Married persons in Wisconsin can vary the effect of the Marital Property Act by executing a marital property agreement. 766.17(1) Wis.Stat. Meek and Grady did so. Their December, 1985, marital property agreement stated that the inheritance Meek received from her mother would remain individual property and that Grady would remain responsible for his debts.

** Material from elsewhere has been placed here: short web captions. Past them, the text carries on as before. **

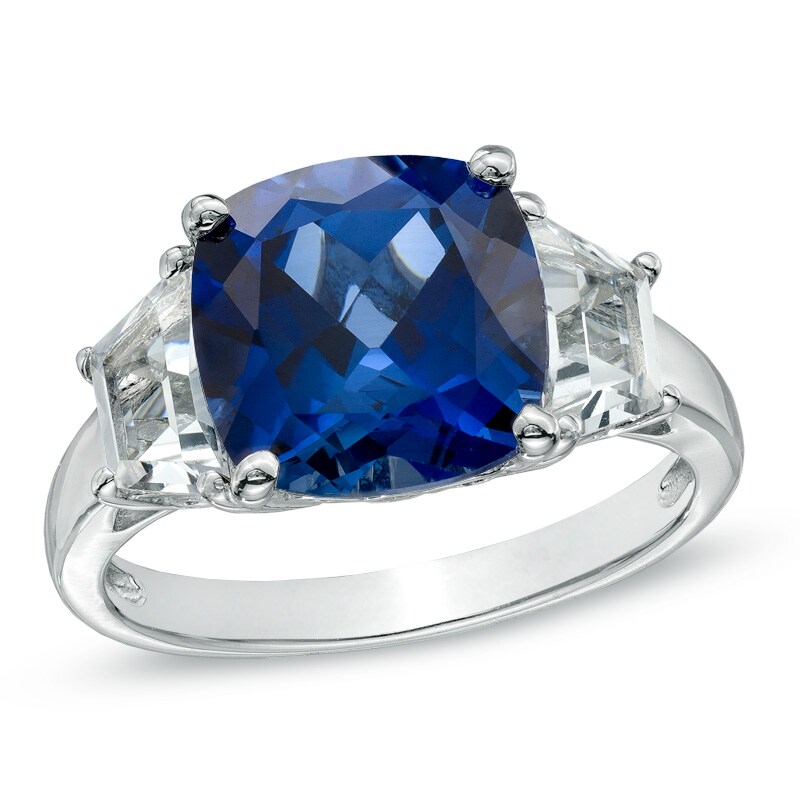 Main Image 1 of 10.0mm Cushion-Cut Lab-Created Ceylon and White Sapphire Three Stone Ring in 10K White Gold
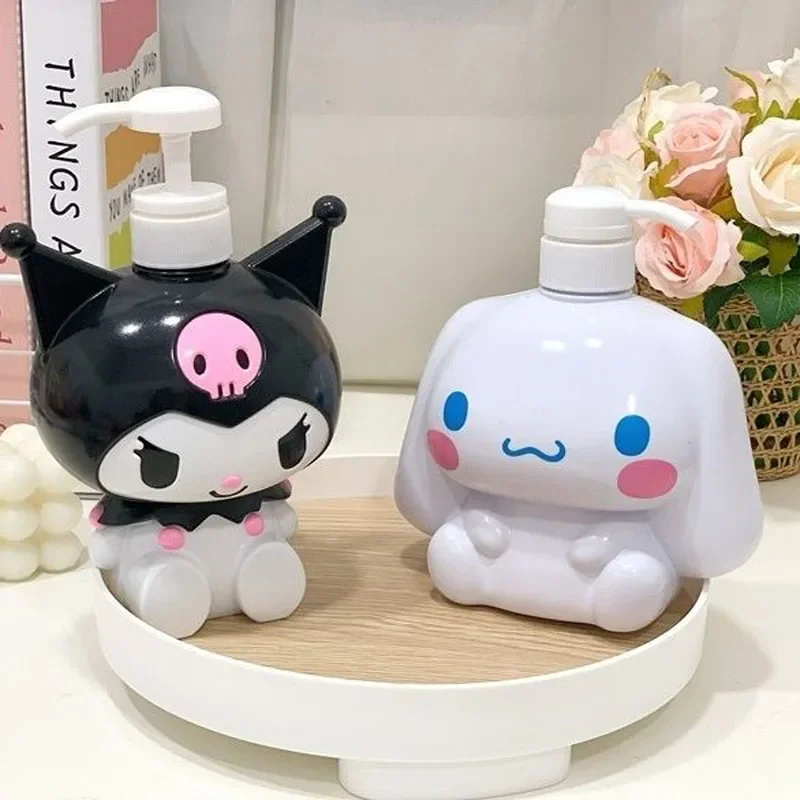 Sanrio Kuromi My Melody Shower Gel Shampoo Bottle Press Bottle Large Empty Bottle Push-type Pump Head Dispensing Bottles Anime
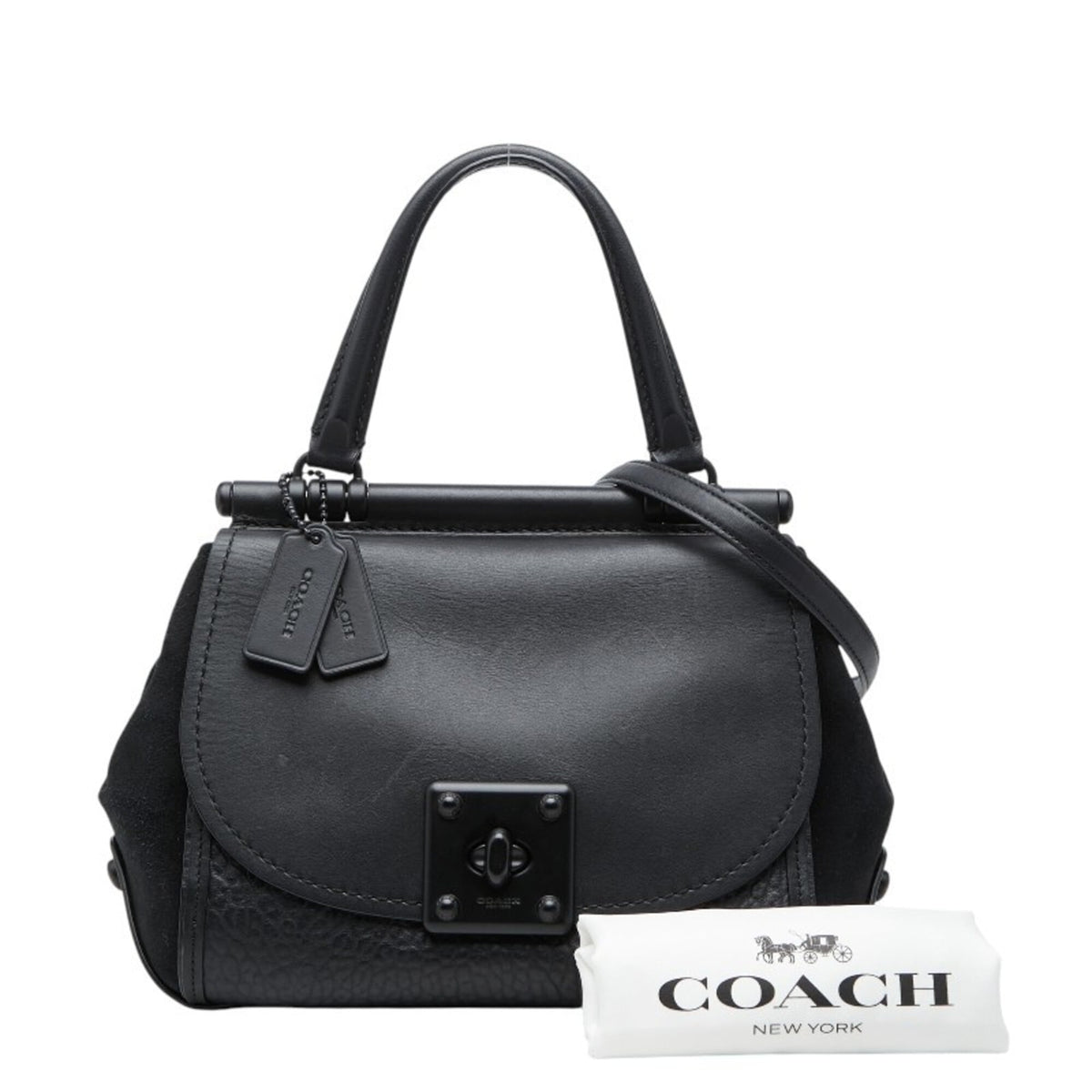 Coach Black Leather Handbag Shoulder Bag (Pre-Owned)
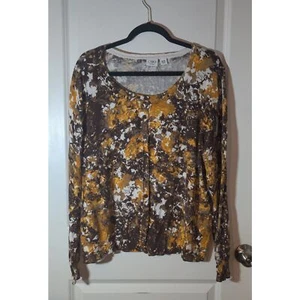 Cato Women's Yellow and Brown Floral Sweater 18/20W - Picture 1 of 3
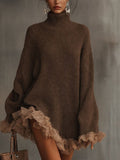 Cozy Lace-Trimmed Turtleneck Sweater Dress with Ruffle Hem for Women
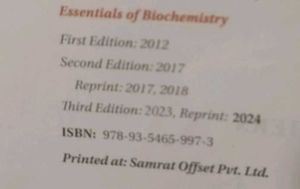 Essentials of Biochemistry 3rd Edition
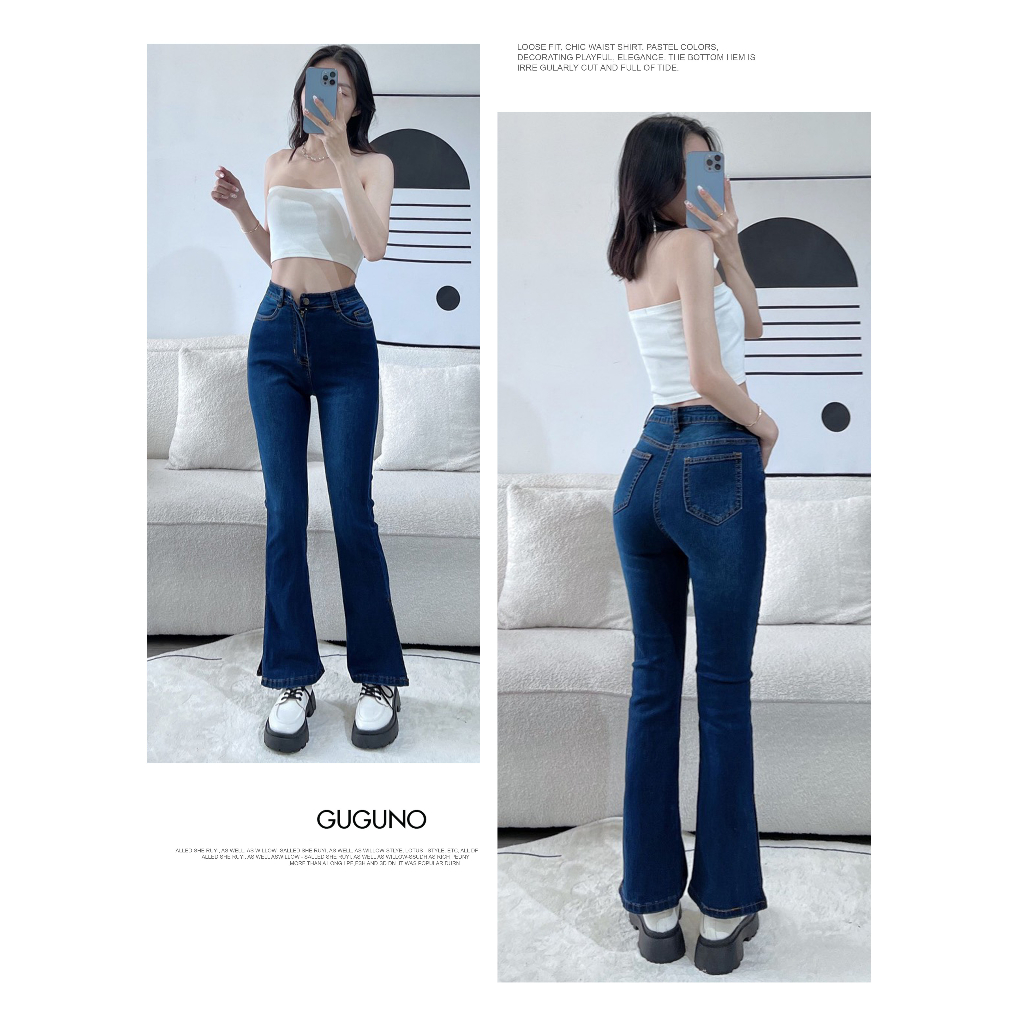 Quần jeans nữ ôm ống loe Guguno (Mẫu thật)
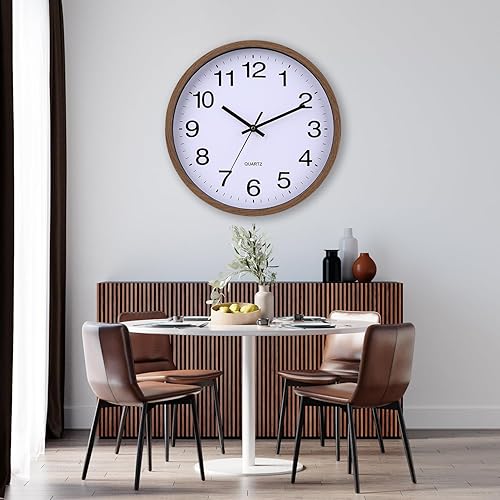 Miniatura 5 de Reloj de pared con marco de madera de 12 pulgadas, cubierta de vidrio, número sin tictac, cuarzo, diseño moderno de cuarzo, decorativo, dormitorio,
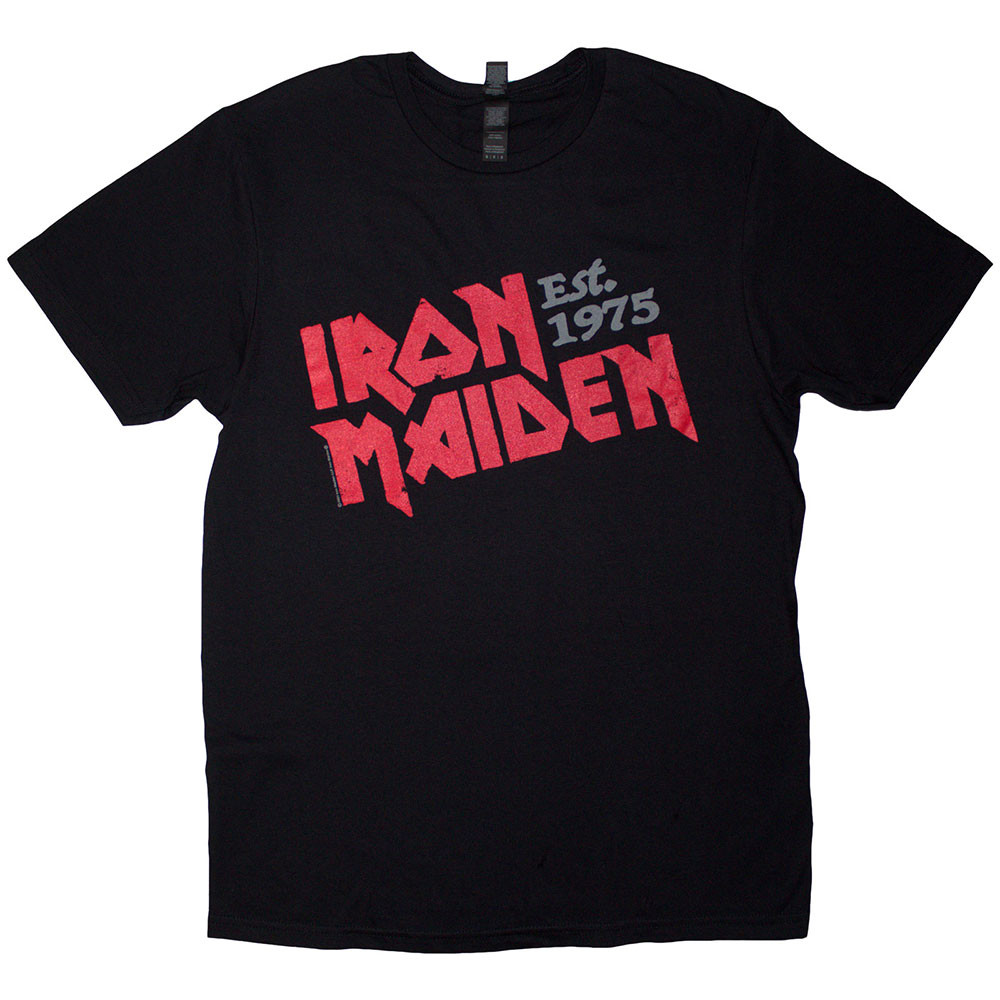 Iron Maiden 'Est. 1975 Slanted Logo' (Black) T-Shirt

The record supports a finding that Meek and Grady kept most of the property separate. Furthermore, it appears that they were attempting to opt out of the Wisconsin Marital Property law before signing the May 6, 1986, marital property agreement. When Meek and Grady revised their agreement, they reaffirmed their intention to opt out of the marital property law by stating that property, including earnings and investment income, then owned by either of them or thereafter acquired would remain individual property. Consequently, they precluded the necessity of tracing. See § 766.63 Wis.Stat. (Tracing is required if marital property has been mixed with property having a different classification.) See also In re Pietri, 59 B.R. 68 (Bankr.M.D.La.1986) (Continuation of the community property regime is not a property interest, and relinquishing community rights in the future is not, by itself, a fraudulent conveyance.) See also MARITAL PROPERTY LAW IN WISCONSIN, State Bar of Wisconsin, CLE Books, § 3.20 (1990). It follows that the trustee cannot meet his burden of proving that Grady had an interest in the property "awarded" to Meek, with the only exception being the New York Life insurance policy which was described as valueless.
It is, therefore, the finding of this court that the defendant is entitled to summary judgment dismissing the complaint.
NOTES
[1]  The marital settlement agreement and the marital property agreement state that Wisconsin law shall determine the rights and obligations of the parties.
[2]  The criteria for hardship as set forth in Popp v. Popp, 146 Wis.2d 778, 792, 432 N.W.2d 600, 605 (Ct.App.1988) are not met by the circumstances of the instant case.